**What to produce**
For this exercise, write out each entry below exactly, omitting the images.

**Short web captions**
========================

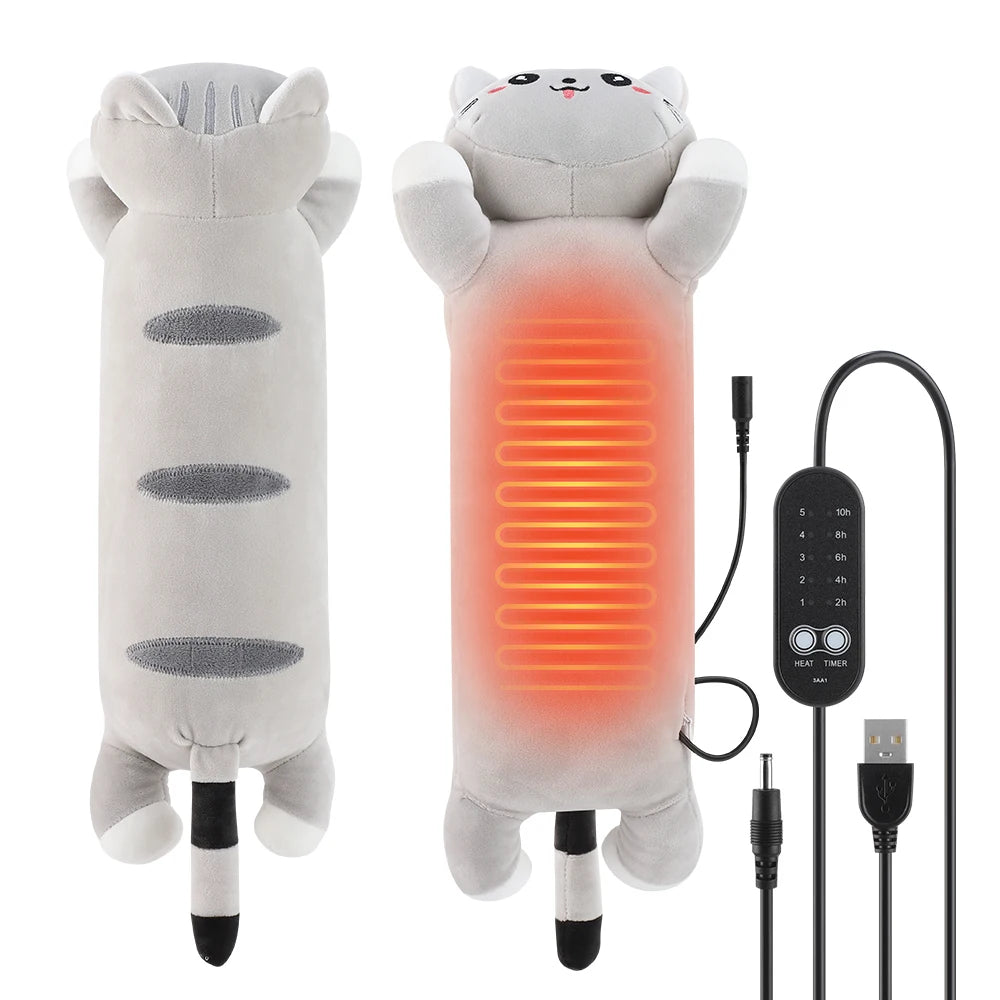 USB Heated Cat Pillow Plush Warming Hot Compress Bolster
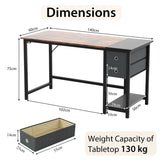48/55-Inch Home Office Desk with 2 Drawers Hanging Hook-55 Inch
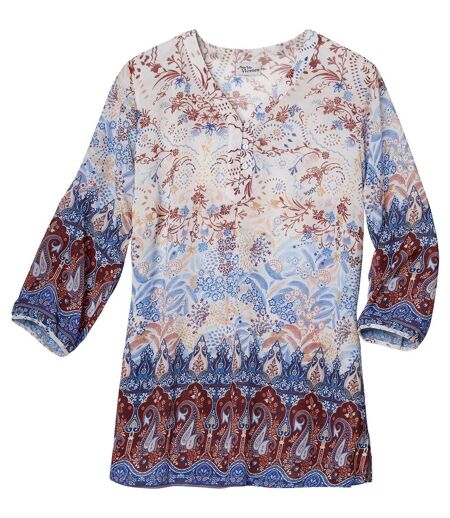 Women's Multi-Coloured Patterned Mousseline Fabric Top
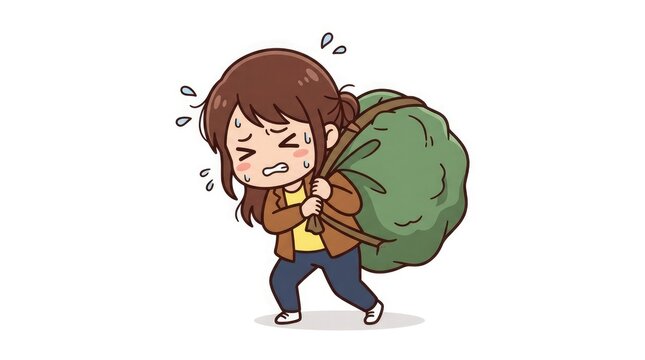 Overwhelmed young woman carrying heavy load stress and burden concept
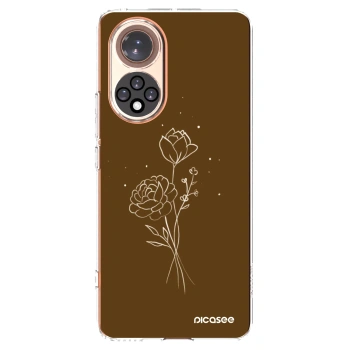 Picasee silikonska prozirna maskica za Huawei Nova 9 - Brown flowers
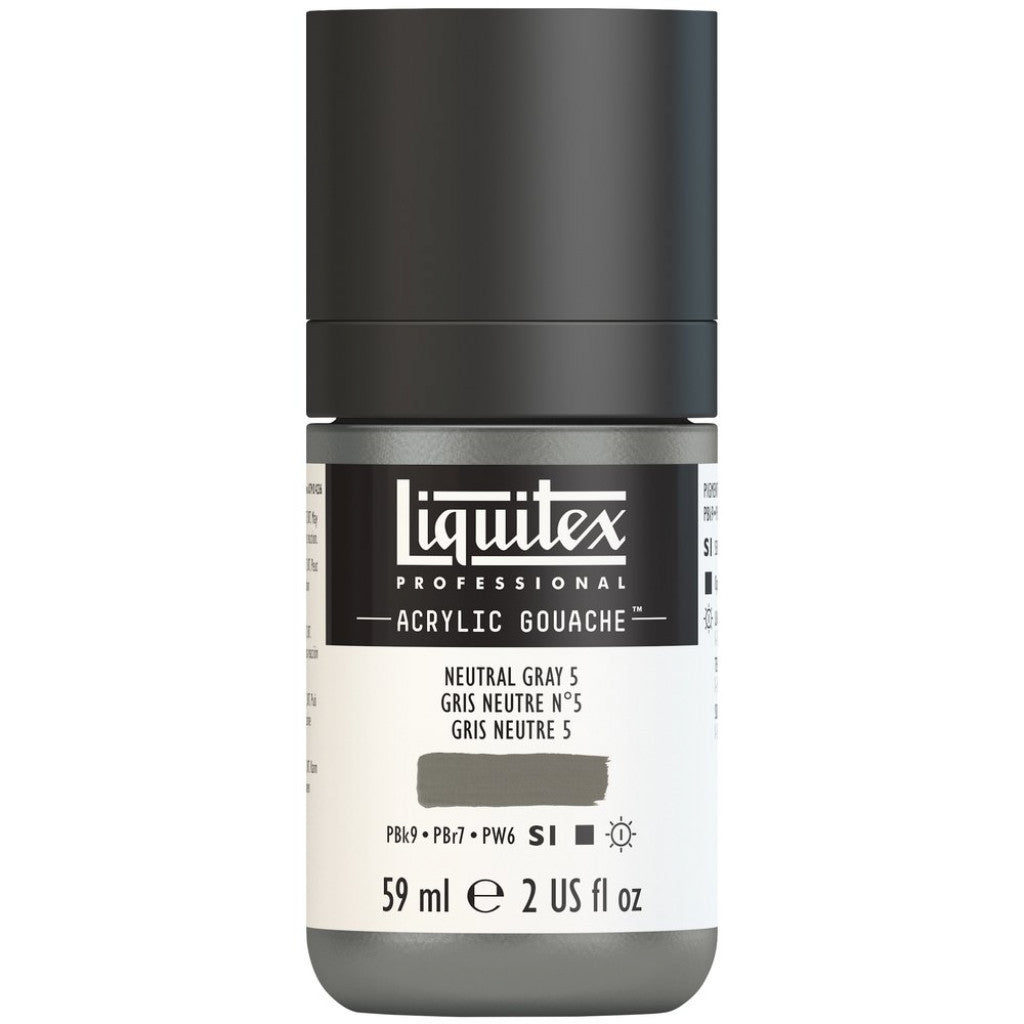Liquitex Acrylic Gouache (matt) 59ml - 599 Neutral Grey 5 S1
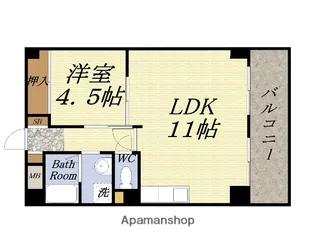 ポートヴィラメイセイ【8階】の間取り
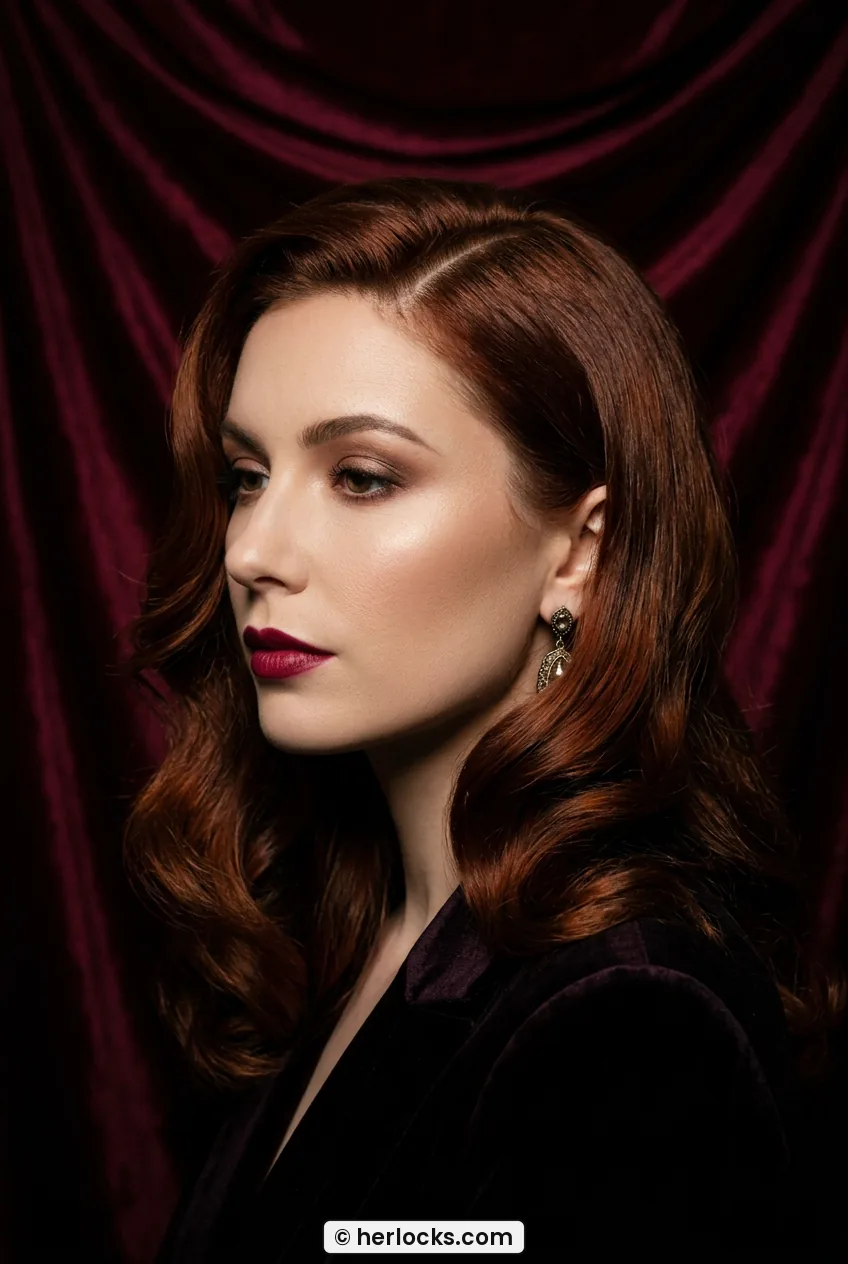 Woman with deep side part vintage waves curving at cheekbone in side portrait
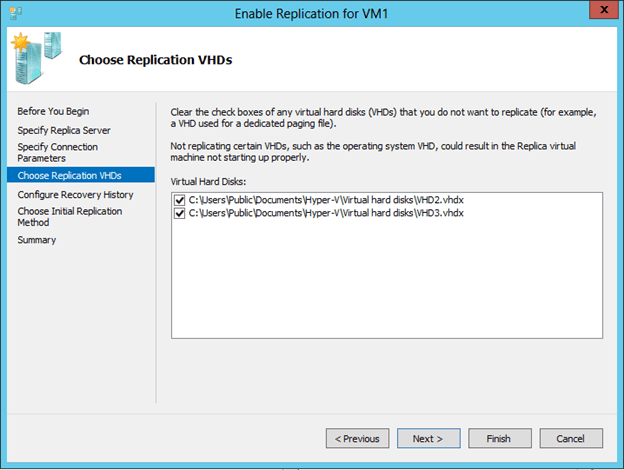 Screenshot of choosing replication VHDs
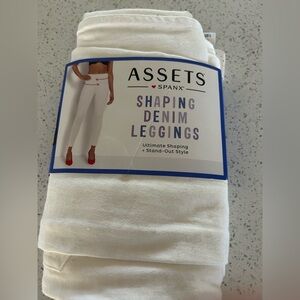 Assets by Spanx White Shaping Denim Leggings size L NWT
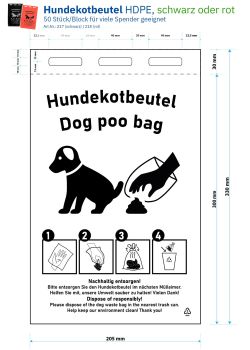 Hundekotbeutel HDPE- schwarz oder rot- 2000 Stück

========================

**Response below**
 USB Heated Cat Pillow Plush Warming Hot Compress Bolster
48/55-Inch Home Office Desk with 2 Drawers Hanging Hook-55 Inch
 Women's Multi-Coloured Patterned Mousseline Fabric Top
 Overwhelmed young woman carrying heavy load stress and burden concept
 Picasee silikonska prozirna maskica za Huawei Nova 9 - Brown flowers
Liquitex Acrylic Gouache (matt) 59ml - 599 Neutral Grey 5 S1
 ポートヴィラメイセイ【8階】の間取り
 Woman with deep side part vintage waves curving at cheekbone in side portrait
 Screenshot of choosing replication VHDs
 Assets by Spanx White Shaping Denim Leggings size L NWT
 Hundekotbeutel HDPE- schwarz oder rot- 2000 Stück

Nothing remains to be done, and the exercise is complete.